Quant au mot de totem, c’est celui qu’emploient les Ojibway, tribu algonkine, pour désigner l’espèce de choses dont un clan porte le nom[1]. Bien que l’expression n’ait rien d’australien[2] et qu’elle ne se rencontre même que dans une seule société d’Amérique, les ethnographes l’ont définitivement adoptée et s’en servent pour dénommer, d’une manière générale, l’institution que nous sommes en train de décrire. C’est Schoolcraft qui, le premier, a ainsi étendu le sens du mot et parlé d’un « système totémique »[3]. Cette extension, dont il y a d’assez nombreux exemples en ethnographie, n’est assurément pas sans inconvénients. Il n’est pas normal qu’une institution de cette importance porte un nom de fortune, emprunté à un idiome étroitement local, et qui ne rappelle aucunement les caractères distinctifs de la chose qu’il exprime. Mais aujourd’hui, cette manière d’employer le mot est si universellement acceptée qu’il y aurait un excès de purisme à s’insurger contre l’usage[4].

  1. Morgan, Ancient Society, p. 165.
  2. En Australie, les mots employés varient suivant les tribus. Dans les régions observées par Grey, on disait Kobong ; les Dieri disent Murdu (Howitt, Nat. Tr. of S. E. Aust., p. 91), les Narrinyeri, Mgaitye (Taplin in Curr}}, II, p. 244), les Warramunga, Mungai ou Mungaii (North. Tr., p. 754), etc.
  3. Indian Tribes of the United States, IV, p. 86.
  4. Et cependant cette fortune du mot est d’autant plus regrettable que nous ne savons même pas avec exactitude comment il s’orthographie. Les uns écrivent totam, les autres toodaim, ou dodaim ou ododam (v. Frazer, Totemism, p. 1). Le sens même du terme n’est pas exactement déterminé.
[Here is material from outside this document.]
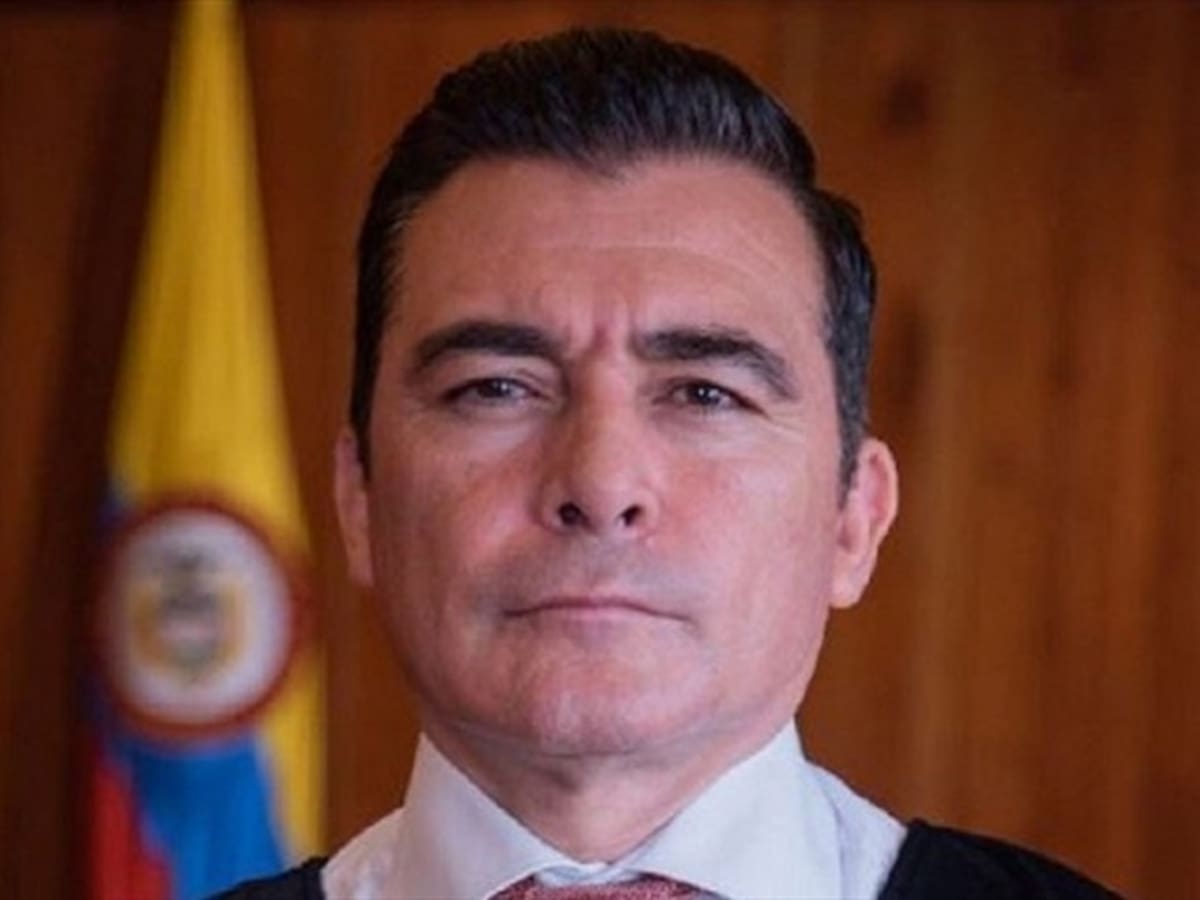 Desde el uribismo le piden a la Comisión de Acusación investigar al magistrado Reyes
Si l’on s’en rapporte au langage tenu par le premier observateur des Ojibway, J. Long, le mot de totam désignerait le génie protecteur, le totem individuel dont il sera question plus loin (liv. I, chap. IV) et non le totem de clan. Mais les témoignages des autres explorateurs sont formellement en sens contraire (v. sur ce point Frazer, Totemism and Exogamy, III, p. 49-52).